On the morning of October 13, 1980, a telegram marked urgent arrived unexpectedly at the door of Adolfo Perez Esquivel's small office in Buenos Aires, Argentina, informing him that he had just been awarded the Nobel Peace Prize for 1980.
The award caught everyone off-guard, especially the Argentine military junta. Esquivel has been an industrious human rights activist and ardent practitioner and advocate of nonviolence in the service of justice for the poor and oppressed throughout Latin America. He was chosen over 70 other nominees, including President Carter and Pope John Paul II. Before this, the nature of Esquivel's work usually has gotten him into situations of disfavor rather than acclaim.
The Nobel citation said that the 48-year-old Esquivel has "shone a light in the darkness.
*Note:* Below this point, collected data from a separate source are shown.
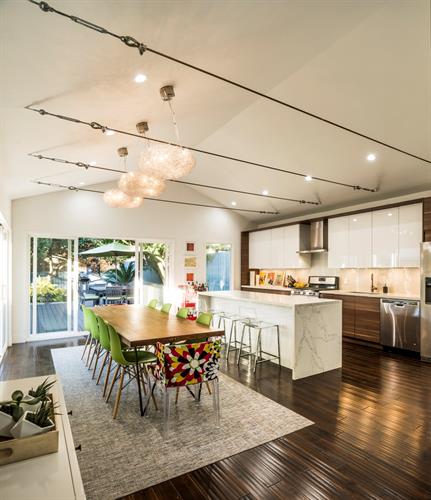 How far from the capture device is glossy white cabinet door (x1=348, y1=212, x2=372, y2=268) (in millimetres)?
6400

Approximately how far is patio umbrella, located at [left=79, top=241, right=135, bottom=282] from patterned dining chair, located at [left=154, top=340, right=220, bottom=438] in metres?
4.89

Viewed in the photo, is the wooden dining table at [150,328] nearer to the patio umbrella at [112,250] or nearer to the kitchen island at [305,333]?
the kitchen island at [305,333]

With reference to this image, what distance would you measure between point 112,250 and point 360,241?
17.6ft

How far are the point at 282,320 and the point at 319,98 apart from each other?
3.00m

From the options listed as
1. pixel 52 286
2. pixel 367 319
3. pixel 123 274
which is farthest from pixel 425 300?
pixel 52 286

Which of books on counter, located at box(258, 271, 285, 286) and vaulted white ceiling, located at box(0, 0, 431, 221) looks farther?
books on counter, located at box(258, 271, 285, 286)

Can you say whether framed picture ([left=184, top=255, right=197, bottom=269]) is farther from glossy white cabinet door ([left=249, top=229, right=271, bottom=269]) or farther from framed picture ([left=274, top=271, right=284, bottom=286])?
framed picture ([left=274, top=271, right=284, bottom=286])

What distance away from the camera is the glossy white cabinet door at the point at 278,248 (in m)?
8.32

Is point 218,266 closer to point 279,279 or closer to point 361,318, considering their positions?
point 279,279

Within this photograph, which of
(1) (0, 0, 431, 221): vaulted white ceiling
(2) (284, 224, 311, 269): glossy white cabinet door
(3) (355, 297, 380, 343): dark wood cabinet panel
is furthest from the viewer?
(2) (284, 224, 311, 269): glossy white cabinet door

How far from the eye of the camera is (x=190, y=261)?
8.49m

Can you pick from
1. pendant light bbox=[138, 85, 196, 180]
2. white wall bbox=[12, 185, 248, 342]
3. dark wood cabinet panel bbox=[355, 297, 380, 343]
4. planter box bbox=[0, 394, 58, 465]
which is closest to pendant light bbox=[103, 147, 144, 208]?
pendant light bbox=[138, 85, 196, 180]

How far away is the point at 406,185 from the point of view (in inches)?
235

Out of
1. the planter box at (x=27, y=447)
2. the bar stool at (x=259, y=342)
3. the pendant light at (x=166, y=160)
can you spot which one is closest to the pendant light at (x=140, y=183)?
the pendant light at (x=166, y=160) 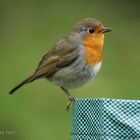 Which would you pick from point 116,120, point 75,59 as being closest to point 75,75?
point 75,59

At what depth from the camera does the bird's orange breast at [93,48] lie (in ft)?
23.9

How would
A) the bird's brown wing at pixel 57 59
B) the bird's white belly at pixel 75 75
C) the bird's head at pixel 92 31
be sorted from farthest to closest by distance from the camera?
the bird's head at pixel 92 31
the bird's brown wing at pixel 57 59
the bird's white belly at pixel 75 75

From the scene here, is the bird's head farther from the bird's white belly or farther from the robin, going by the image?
the bird's white belly

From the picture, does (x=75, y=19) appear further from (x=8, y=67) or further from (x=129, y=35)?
(x=8, y=67)

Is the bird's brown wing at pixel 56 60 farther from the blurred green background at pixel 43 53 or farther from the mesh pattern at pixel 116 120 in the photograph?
the mesh pattern at pixel 116 120

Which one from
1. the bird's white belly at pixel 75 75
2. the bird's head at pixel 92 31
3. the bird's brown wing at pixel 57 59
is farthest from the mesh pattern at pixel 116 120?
the bird's head at pixel 92 31

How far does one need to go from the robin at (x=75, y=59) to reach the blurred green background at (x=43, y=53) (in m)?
1.15

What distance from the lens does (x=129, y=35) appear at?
11.8 m

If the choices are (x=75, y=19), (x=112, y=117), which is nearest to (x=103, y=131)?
(x=112, y=117)

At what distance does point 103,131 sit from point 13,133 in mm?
3563

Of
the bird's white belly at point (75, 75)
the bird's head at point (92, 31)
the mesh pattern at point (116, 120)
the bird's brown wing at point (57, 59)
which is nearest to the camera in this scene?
the mesh pattern at point (116, 120)

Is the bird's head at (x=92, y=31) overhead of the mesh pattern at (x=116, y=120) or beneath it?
overhead

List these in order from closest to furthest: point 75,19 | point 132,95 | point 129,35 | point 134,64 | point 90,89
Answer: point 132,95 → point 90,89 → point 134,64 → point 129,35 → point 75,19

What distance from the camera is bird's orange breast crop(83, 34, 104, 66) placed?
728 cm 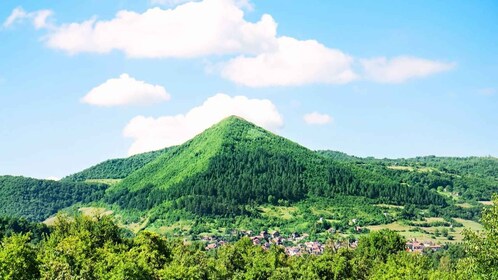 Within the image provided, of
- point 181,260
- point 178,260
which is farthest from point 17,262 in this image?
point 178,260

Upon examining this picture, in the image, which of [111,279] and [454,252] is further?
[454,252]

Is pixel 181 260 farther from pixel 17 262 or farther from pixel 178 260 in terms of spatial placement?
pixel 17 262

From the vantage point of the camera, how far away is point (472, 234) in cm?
5322

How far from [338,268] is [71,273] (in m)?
54.9

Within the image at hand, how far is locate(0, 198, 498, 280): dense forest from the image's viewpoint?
54.9 m

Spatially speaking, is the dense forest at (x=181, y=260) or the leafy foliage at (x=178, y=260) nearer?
the dense forest at (x=181, y=260)

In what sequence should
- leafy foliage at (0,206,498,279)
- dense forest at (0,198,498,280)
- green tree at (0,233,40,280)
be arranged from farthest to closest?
green tree at (0,233,40,280) → leafy foliage at (0,206,498,279) → dense forest at (0,198,498,280)

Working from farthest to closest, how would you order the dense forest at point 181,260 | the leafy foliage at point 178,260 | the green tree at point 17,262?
the green tree at point 17,262 < the leafy foliage at point 178,260 < the dense forest at point 181,260

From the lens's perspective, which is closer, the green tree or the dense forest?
the dense forest

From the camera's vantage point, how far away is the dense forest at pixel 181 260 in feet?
180

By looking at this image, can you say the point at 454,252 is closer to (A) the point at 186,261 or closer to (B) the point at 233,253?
(B) the point at 233,253

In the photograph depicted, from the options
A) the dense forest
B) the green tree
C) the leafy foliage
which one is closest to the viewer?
the dense forest

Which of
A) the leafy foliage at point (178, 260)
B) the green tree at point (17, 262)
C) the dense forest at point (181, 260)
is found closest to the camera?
the dense forest at point (181, 260)

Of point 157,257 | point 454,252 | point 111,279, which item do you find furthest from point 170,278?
point 454,252
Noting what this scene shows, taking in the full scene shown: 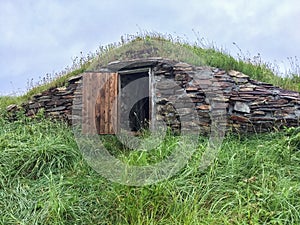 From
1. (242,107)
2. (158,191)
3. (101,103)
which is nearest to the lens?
(158,191)

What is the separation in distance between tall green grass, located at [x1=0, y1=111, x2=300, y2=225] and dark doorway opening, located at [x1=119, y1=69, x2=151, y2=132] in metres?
2.37

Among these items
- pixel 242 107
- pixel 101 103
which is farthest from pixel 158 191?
pixel 101 103

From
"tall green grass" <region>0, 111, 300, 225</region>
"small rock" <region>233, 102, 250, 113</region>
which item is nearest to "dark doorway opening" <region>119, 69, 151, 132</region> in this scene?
"small rock" <region>233, 102, 250, 113</region>

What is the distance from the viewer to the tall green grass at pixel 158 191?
3.50 meters

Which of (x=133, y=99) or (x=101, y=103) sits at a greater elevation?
(x=133, y=99)

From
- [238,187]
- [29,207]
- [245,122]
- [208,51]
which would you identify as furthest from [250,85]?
[29,207]

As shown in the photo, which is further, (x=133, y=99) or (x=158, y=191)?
(x=133, y=99)

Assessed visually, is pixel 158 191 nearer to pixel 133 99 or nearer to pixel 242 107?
pixel 242 107

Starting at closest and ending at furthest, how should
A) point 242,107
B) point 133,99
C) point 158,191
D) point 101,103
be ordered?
1. point 158,191
2. point 242,107
3. point 101,103
4. point 133,99

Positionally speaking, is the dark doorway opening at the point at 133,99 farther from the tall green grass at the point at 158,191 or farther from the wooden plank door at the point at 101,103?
the tall green grass at the point at 158,191

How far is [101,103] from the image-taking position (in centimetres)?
702

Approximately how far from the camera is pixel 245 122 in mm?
6102

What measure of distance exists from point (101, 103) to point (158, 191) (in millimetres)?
3556

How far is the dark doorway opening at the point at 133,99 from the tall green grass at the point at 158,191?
237cm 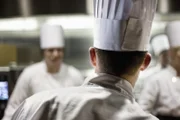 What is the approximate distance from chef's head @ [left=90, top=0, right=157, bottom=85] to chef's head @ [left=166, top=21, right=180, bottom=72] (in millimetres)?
1306

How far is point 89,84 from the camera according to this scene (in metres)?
0.60

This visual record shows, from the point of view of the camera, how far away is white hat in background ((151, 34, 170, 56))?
7.72 ft

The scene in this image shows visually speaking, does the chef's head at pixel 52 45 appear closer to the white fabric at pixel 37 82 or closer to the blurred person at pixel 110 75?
the white fabric at pixel 37 82

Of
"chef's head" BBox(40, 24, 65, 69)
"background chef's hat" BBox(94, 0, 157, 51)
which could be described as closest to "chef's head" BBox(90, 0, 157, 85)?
"background chef's hat" BBox(94, 0, 157, 51)

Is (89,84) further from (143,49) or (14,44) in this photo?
(14,44)

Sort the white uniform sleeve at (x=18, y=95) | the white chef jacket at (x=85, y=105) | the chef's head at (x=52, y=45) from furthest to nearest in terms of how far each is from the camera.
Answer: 1. the chef's head at (x=52, y=45)
2. the white uniform sleeve at (x=18, y=95)
3. the white chef jacket at (x=85, y=105)

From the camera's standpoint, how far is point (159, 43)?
235 centimetres

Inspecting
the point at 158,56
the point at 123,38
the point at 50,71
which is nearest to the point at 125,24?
the point at 123,38

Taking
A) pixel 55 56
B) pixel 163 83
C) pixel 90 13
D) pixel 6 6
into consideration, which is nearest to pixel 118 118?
pixel 163 83

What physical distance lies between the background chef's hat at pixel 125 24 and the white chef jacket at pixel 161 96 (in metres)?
1.28

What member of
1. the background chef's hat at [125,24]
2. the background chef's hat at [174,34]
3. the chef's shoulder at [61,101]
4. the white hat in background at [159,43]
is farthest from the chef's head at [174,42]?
the chef's shoulder at [61,101]

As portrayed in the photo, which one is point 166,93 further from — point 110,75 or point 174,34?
point 110,75

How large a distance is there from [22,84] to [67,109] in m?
1.41

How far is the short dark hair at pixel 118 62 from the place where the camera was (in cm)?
61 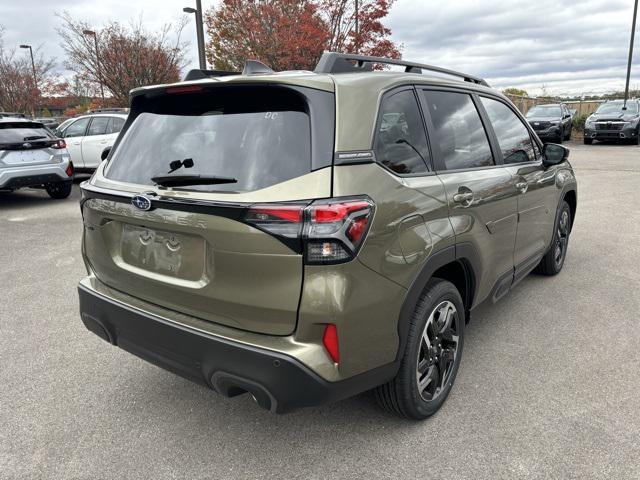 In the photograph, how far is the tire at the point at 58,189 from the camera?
10.2m

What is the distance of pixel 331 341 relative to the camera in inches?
80.9

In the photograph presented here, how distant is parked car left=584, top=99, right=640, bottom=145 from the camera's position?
1903 cm

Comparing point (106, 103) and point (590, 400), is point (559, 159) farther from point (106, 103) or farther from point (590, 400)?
point (106, 103)

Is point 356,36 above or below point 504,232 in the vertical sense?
above

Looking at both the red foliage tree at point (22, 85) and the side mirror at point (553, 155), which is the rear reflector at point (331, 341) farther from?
the red foliage tree at point (22, 85)

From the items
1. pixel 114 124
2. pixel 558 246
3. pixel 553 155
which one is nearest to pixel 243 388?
pixel 553 155

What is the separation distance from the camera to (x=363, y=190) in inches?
83.4

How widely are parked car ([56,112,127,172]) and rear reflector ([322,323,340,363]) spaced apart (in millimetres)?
10821

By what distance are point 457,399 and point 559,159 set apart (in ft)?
7.23

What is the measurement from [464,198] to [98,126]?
1096 cm

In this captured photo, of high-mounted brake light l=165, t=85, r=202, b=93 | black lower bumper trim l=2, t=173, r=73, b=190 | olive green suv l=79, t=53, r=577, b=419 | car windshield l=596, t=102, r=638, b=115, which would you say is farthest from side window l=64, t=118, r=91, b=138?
car windshield l=596, t=102, r=638, b=115

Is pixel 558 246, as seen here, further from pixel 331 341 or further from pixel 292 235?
pixel 292 235

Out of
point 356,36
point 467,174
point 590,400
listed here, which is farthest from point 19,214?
point 356,36

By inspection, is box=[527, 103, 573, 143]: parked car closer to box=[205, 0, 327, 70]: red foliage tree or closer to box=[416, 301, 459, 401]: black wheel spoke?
box=[205, 0, 327, 70]: red foliage tree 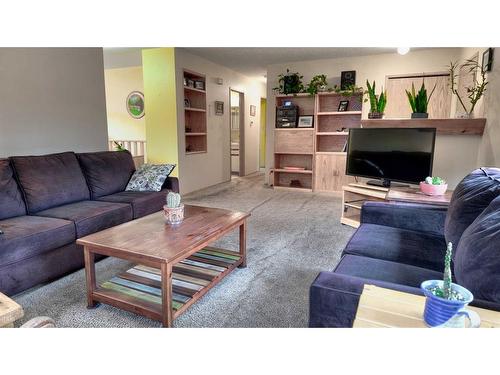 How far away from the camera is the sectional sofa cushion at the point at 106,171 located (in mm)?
3152

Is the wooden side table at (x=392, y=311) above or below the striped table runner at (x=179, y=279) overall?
above

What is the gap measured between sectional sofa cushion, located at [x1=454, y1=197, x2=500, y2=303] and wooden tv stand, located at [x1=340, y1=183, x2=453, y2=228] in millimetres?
1239

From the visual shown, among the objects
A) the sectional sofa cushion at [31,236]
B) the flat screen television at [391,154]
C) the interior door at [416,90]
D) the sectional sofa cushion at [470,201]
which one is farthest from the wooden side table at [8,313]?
the interior door at [416,90]

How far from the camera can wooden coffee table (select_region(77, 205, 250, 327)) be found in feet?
5.47

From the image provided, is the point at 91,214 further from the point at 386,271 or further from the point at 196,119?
the point at 196,119

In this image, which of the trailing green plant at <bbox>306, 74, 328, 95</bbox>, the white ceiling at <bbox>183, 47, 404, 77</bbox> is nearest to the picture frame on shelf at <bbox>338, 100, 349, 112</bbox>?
the trailing green plant at <bbox>306, 74, 328, 95</bbox>

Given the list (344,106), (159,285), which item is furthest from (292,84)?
(159,285)

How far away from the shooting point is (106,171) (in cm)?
329

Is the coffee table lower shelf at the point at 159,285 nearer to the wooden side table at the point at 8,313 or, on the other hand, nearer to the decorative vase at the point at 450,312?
the wooden side table at the point at 8,313

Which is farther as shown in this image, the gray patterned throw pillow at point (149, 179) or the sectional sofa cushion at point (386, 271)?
the gray patterned throw pillow at point (149, 179)

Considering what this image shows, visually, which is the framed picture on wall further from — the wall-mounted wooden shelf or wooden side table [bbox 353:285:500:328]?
wooden side table [bbox 353:285:500:328]

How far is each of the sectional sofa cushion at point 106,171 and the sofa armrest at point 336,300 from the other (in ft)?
8.69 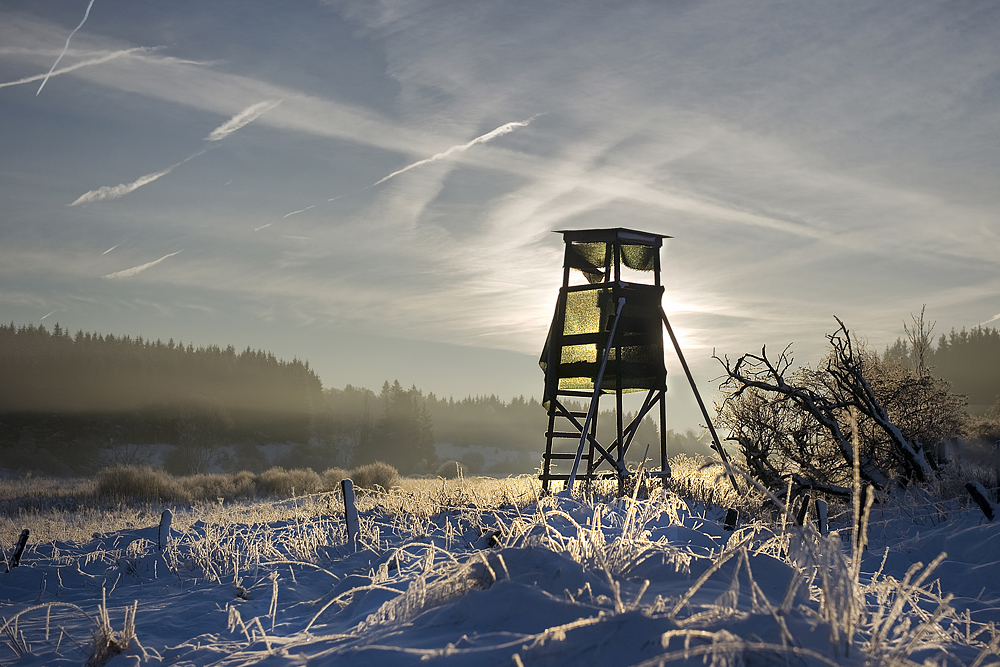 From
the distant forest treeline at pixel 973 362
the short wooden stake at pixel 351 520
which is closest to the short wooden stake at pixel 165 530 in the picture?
the short wooden stake at pixel 351 520

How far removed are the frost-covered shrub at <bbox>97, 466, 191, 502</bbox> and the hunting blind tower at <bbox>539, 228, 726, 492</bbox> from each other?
1954cm

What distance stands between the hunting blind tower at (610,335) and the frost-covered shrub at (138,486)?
19540 mm

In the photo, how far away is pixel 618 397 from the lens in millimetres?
12820

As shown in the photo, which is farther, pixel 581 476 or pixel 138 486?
pixel 138 486

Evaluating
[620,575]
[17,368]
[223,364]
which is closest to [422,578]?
[620,575]

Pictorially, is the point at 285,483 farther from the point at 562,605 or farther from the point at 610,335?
the point at 562,605

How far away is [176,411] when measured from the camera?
242 ft

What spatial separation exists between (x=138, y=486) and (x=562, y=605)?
96.9ft

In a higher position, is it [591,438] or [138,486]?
[591,438]

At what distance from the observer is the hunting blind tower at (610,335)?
487 inches

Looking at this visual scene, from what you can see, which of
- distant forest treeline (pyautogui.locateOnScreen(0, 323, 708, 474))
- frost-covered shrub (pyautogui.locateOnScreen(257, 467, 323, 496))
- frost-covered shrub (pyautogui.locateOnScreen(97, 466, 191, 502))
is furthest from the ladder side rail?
distant forest treeline (pyautogui.locateOnScreen(0, 323, 708, 474))

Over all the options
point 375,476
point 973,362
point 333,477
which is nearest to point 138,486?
point 375,476

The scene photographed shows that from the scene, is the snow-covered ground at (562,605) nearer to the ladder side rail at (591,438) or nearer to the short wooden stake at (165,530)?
the short wooden stake at (165,530)

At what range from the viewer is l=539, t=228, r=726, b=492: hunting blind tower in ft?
40.5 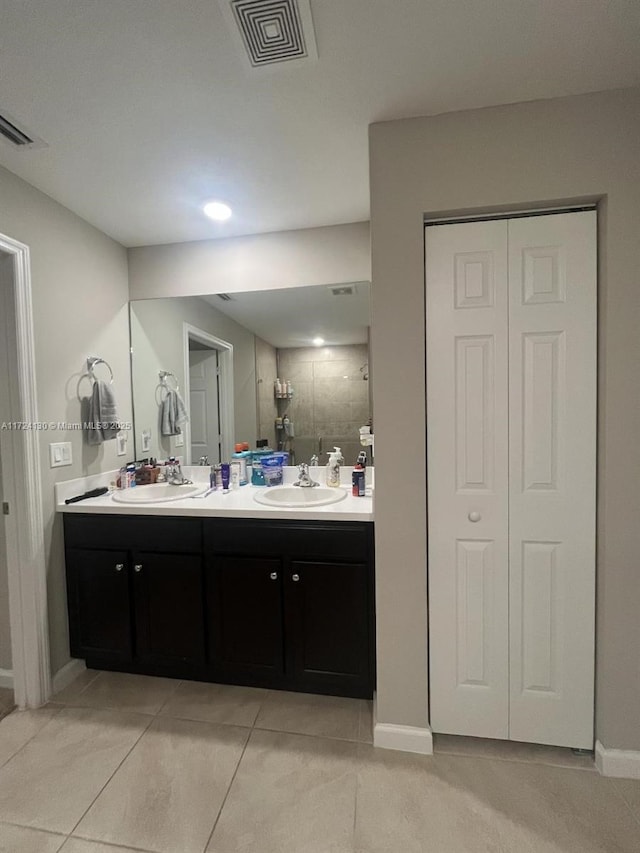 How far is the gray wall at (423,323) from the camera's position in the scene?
4.27 ft

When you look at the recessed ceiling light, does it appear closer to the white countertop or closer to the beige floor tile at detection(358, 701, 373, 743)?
the white countertop

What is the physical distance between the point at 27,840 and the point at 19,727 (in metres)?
0.60

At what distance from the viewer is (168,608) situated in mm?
1811

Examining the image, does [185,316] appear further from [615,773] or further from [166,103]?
[615,773]

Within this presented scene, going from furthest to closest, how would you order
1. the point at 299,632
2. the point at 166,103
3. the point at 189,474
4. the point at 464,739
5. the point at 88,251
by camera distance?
1. the point at 189,474
2. the point at 88,251
3. the point at 299,632
4. the point at 464,739
5. the point at 166,103

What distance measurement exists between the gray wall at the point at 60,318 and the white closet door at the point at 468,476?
1.79m

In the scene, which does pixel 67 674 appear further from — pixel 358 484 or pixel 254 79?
pixel 254 79

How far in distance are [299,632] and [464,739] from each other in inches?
31.0

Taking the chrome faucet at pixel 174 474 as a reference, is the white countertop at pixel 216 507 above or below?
below

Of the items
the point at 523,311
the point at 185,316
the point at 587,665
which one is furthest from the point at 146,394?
the point at 587,665

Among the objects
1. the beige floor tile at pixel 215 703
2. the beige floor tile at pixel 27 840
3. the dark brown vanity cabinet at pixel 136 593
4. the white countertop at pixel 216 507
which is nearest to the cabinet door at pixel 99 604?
the dark brown vanity cabinet at pixel 136 593

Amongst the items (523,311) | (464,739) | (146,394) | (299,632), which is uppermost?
→ (523,311)

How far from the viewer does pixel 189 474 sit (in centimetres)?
241

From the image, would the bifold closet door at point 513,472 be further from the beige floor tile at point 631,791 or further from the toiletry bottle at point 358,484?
the toiletry bottle at point 358,484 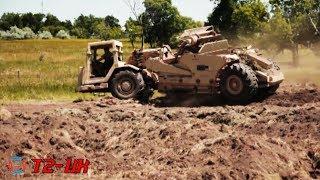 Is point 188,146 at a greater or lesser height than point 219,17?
lesser

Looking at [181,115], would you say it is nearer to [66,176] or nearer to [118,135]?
[118,135]

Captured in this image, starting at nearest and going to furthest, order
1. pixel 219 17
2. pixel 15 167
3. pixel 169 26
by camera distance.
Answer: pixel 15 167, pixel 219 17, pixel 169 26

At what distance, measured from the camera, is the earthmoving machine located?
50.1ft

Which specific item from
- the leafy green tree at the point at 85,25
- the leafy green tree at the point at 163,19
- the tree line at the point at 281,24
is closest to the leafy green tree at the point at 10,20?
the leafy green tree at the point at 85,25

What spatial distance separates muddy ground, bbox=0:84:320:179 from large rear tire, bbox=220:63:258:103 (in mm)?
832

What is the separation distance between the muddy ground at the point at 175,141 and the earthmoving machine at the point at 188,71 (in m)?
1.22

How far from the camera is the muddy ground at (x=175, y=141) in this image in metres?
8.58

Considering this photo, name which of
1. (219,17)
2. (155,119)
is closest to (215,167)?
(155,119)

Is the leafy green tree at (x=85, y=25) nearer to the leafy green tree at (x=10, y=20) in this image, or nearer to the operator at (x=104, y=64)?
the leafy green tree at (x=10, y=20)

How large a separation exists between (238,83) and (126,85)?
361 centimetres

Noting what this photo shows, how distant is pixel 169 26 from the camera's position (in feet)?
237

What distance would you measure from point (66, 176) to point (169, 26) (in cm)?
6454

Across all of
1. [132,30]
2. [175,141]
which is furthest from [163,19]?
[175,141]

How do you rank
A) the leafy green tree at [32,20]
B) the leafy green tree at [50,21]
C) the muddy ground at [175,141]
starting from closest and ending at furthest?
the muddy ground at [175,141] < the leafy green tree at [32,20] < the leafy green tree at [50,21] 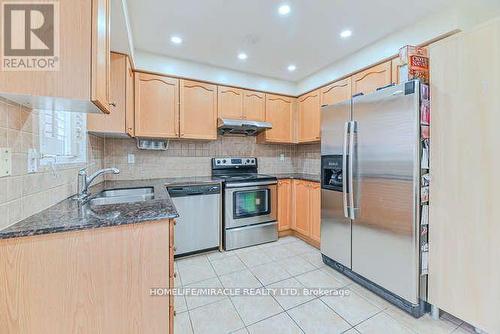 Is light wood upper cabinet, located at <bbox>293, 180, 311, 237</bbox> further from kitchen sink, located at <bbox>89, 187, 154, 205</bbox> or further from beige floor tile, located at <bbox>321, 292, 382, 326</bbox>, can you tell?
kitchen sink, located at <bbox>89, 187, 154, 205</bbox>

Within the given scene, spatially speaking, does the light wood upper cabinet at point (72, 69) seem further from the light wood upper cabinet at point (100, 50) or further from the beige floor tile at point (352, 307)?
the beige floor tile at point (352, 307)

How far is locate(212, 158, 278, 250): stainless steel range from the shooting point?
2.91 metres

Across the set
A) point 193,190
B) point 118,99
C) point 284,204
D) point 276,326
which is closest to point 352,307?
point 276,326

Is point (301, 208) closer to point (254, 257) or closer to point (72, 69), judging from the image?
point (254, 257)

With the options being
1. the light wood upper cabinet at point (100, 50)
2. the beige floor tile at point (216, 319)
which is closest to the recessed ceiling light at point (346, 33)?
the light wood upper cabinet at point (100, 50)

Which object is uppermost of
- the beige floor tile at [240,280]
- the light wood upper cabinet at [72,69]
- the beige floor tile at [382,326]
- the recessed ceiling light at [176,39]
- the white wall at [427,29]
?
the recessed ceiling light at [176,39]

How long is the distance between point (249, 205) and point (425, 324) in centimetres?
199

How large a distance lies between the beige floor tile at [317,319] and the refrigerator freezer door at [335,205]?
58 centimetres

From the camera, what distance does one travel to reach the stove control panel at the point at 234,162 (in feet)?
11.3

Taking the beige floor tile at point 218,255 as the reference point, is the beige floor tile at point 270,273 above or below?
below

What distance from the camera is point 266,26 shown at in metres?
2.16

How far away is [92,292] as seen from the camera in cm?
104

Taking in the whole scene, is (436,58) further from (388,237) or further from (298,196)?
(298,196)

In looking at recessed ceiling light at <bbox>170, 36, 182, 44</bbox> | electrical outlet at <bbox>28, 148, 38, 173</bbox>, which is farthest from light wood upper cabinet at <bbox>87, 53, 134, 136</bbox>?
electrical outlet at <bbox>28, 148, 38, 173</bbox> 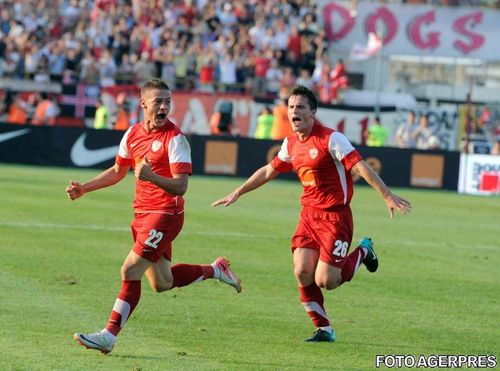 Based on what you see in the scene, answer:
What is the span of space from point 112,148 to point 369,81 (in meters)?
13.4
He champions a solution of Argentina's grievous problems that dispenses with the use of violence, and is the spokesman of a revival of respect of human rights....The views he represents carry a vital message to many other countries...where social and political problems, as yet unresolved, have resulted in an escalation of the use of violence."
Esquivel, head of a growing network of nonviolent workers in Latin America called the Service for Peace and Justice (SPJ), received the news with a calm, humble grace that has marked his life and work.
"I accept this prize in the name of Latin America and its workers," he said, "in the name of its campesinos and its priests who are working diligently for the peace and rights of all." He announced that he would donate the $212,000 award money to the work of SPJ.
Esquivel has coordinated the network's efforts since 1974. Its nonviolent tactics have included work stoppages, vigils, petitions, fasts, and other public demonstrations, and have in many instances resulted in measurable successes.